Au fur et à mesure de ses progrès, le compositeur en herbe passe des modestes cours de piano d'Emil Lamm à ceux d'harmonie et de contrepoint de Robert Fuchs. La rencontre la plus décisive demeure celle d'Alexander von Zemlinsky, lequel part malheureusement travailler à Prague en laissant un élève plein d'ambition qui rêve bientôt d'opéra.
Commencé en 1913, Der Ring des Polykrates est suivi par Violanta (1916), Die tote Stadt (1920) [lire notre critique du DVD], Das Wunder der Heliane (1927) [lire notre critique du CD] et Die Kathrin (1939). Plus ou moins bien reçus, ces ouvrages lyriques déconcertent et conduisent le jeune marié à subsister grâce à un emploi de chef d'orchestre itinérant. Après avoir refusé les premières offres des studios de cinéma, Korngold va ensuite révolutionner la musique de film outre-Atlantique, au milieu des années trente. Nicolas Derny traite avec beaucoup de détails cette période – une des plus passionnante du livre – qui se termine par le retour si attendu en Europe et cette réflexion douce-amère : « Quand je suis arrivé à Hollywood, je ne pouvais pas comprendre les dialogues, maintenant je peux. »
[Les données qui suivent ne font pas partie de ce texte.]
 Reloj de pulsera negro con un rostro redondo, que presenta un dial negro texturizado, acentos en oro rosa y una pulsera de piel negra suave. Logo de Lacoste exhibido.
Une fois encore, quand tant d'autres font leur beurre avec des compositeurs baroques ou romantiques cent fois mis sous presse, l'éditeur suisse nous offre la rencontre d'une personnalité originale et attachante, dont les œuvres ne sont pas toujours prises au sérieux. Grâce à une analyse rapide de celles-ci, alternant avec un portrait vivant du Viennois et une riche iconographie, nul doute que le lecteur aura envie de (ré)écouter ses nombreux opus chambristes, finalement peu connus.